DATASET ENTRIES: Begin

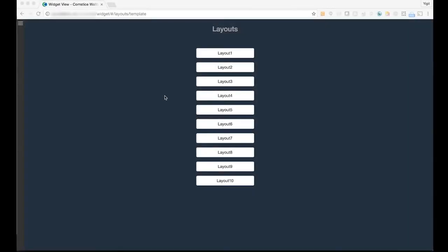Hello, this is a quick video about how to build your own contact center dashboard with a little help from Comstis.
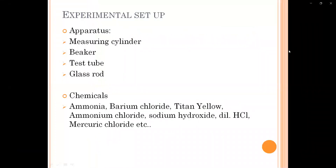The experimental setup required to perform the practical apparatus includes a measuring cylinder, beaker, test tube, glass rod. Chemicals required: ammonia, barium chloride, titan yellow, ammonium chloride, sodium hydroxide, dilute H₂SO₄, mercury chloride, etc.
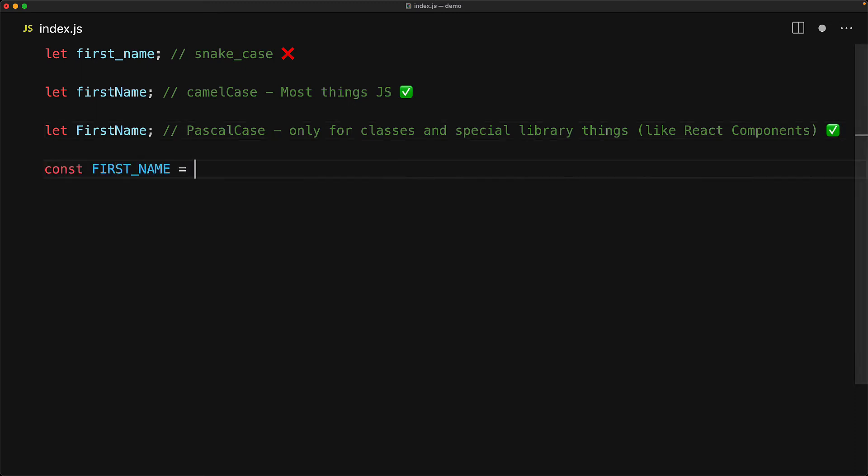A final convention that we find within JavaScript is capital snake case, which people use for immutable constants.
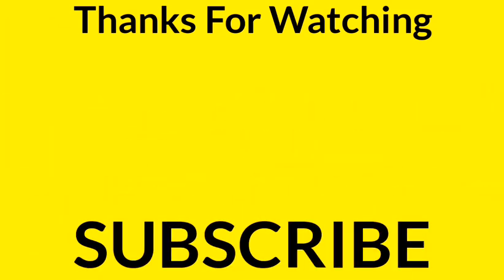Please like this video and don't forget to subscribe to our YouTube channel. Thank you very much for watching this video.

DATASET ENTRIES: End
DATASET ENTRIES: Begin

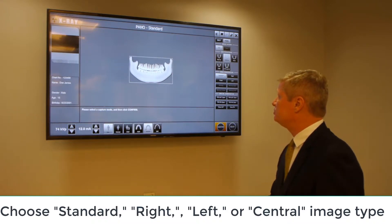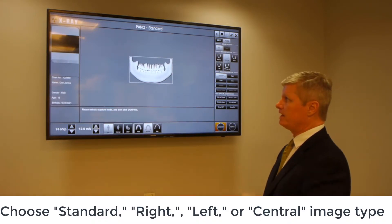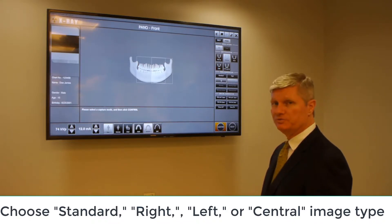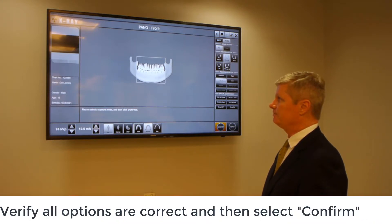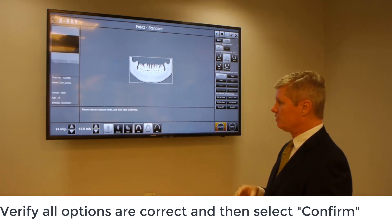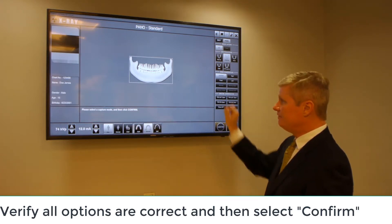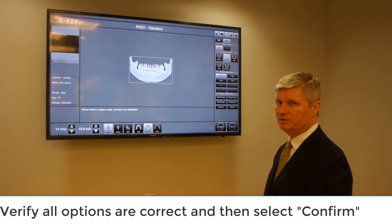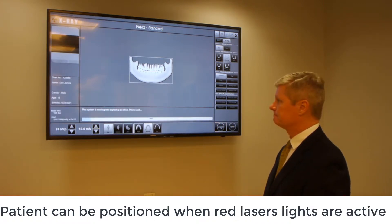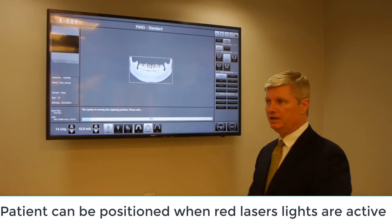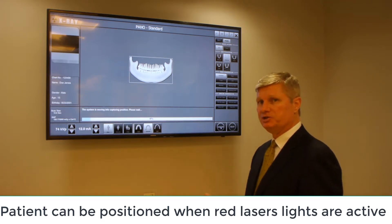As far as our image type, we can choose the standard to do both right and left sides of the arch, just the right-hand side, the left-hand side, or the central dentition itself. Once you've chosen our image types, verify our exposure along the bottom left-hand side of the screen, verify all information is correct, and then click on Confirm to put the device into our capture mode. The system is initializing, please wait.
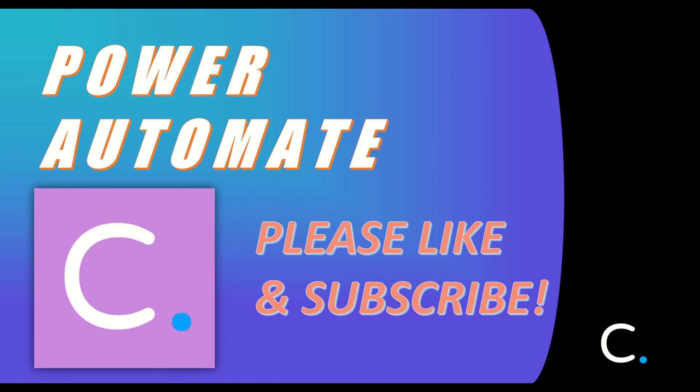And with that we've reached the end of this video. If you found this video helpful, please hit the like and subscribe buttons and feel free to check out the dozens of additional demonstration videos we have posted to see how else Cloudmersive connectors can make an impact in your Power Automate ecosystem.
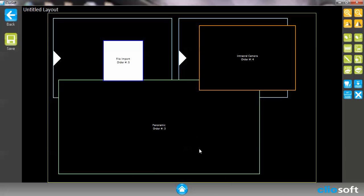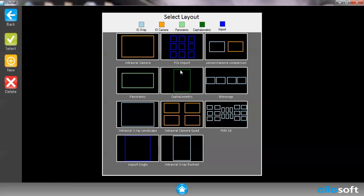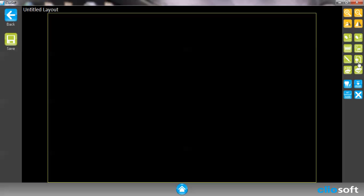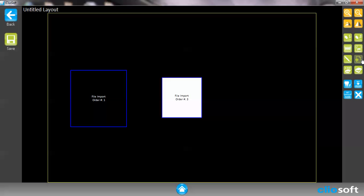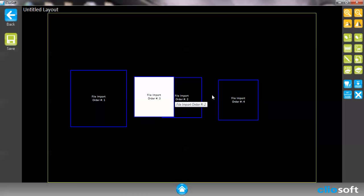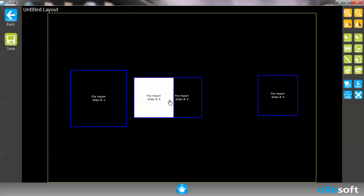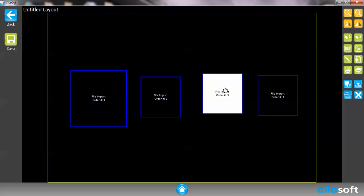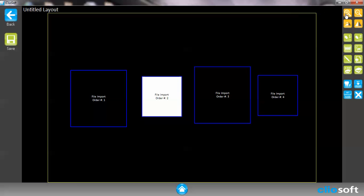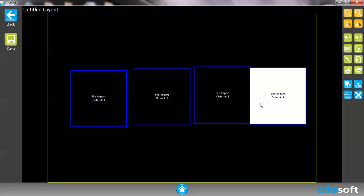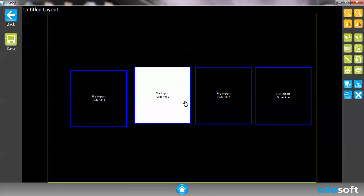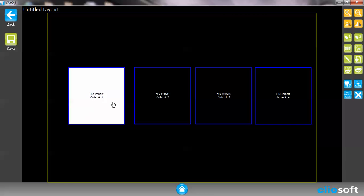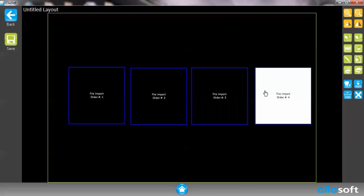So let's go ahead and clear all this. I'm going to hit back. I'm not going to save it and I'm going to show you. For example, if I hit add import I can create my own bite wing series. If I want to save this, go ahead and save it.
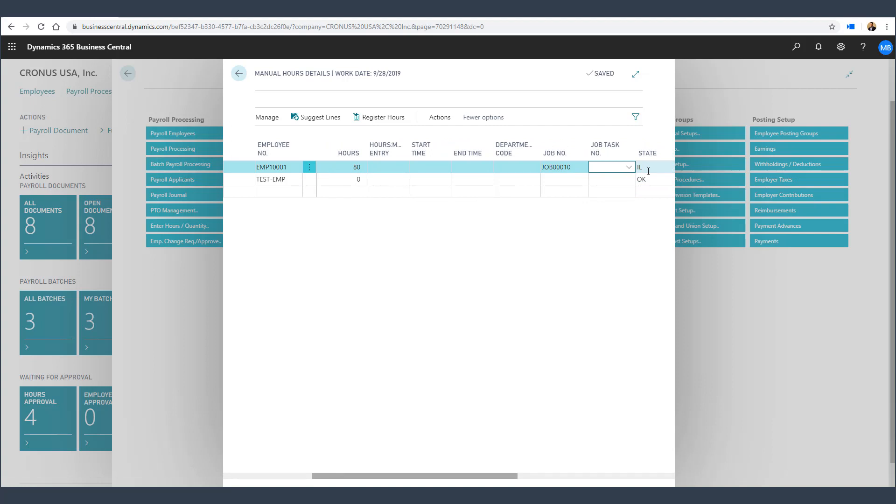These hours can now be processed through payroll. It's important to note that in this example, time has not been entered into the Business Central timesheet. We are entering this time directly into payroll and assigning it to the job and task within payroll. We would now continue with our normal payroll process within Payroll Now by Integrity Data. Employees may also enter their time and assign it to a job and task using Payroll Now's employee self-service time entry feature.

DATASET ENTRIES: End
DATASET ENTRIES: Begin

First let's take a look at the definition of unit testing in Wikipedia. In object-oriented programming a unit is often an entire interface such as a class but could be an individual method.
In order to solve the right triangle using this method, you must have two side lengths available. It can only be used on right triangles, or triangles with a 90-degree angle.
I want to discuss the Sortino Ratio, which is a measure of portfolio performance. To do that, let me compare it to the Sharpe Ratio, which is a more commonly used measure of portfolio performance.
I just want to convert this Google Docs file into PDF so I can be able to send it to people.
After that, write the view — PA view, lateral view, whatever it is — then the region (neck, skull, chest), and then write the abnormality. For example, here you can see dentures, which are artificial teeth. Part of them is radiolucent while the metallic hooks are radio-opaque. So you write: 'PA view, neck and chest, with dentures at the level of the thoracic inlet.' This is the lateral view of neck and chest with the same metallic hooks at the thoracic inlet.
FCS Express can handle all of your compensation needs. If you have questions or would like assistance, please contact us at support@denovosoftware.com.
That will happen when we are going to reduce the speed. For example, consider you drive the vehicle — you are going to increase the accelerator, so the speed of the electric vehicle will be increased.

DATASET ENTRIES: End

• [TASK PROMPT]: Your task is to transcribe, with no changes, only the lines of the listing above that lie between the line holding "First let's take" and the line holding "After that, write", inclusive.

• [RESULT]:
First let's take a look at the definition of unit testing in Wikipedia. In object-oriented programming a unit is often an entire interface such as a class but could be an individual method.
In order to solve the right triangle using this method, you must have two side lengths available. It can only be used on right triangles, or triangles with a 90-degree angle.
I want to discuss the Sortino Ratio, which is a measure of portfolio performance. To do that, let me compare it to the Sharpe Ratio, which is a more commonly used measure of portfolio performance.
I just want to convert this Google Docs file into PDF so I can be able to send it to people.
After that, write the view — PA view, lateral view, whatever it is — then the region (neck, skull, chest), and then write the abnormality. For example, here you can see dentures, which are artificial teeth. Part of them is radiolucent while the metallic hooks are radio-opaque. So you write: 'PA view, neck and chest, with dentures at the level of the thoracic inlet.' This is the lateral view of neck and chest with the same metallic hooks at the thoracic inlet.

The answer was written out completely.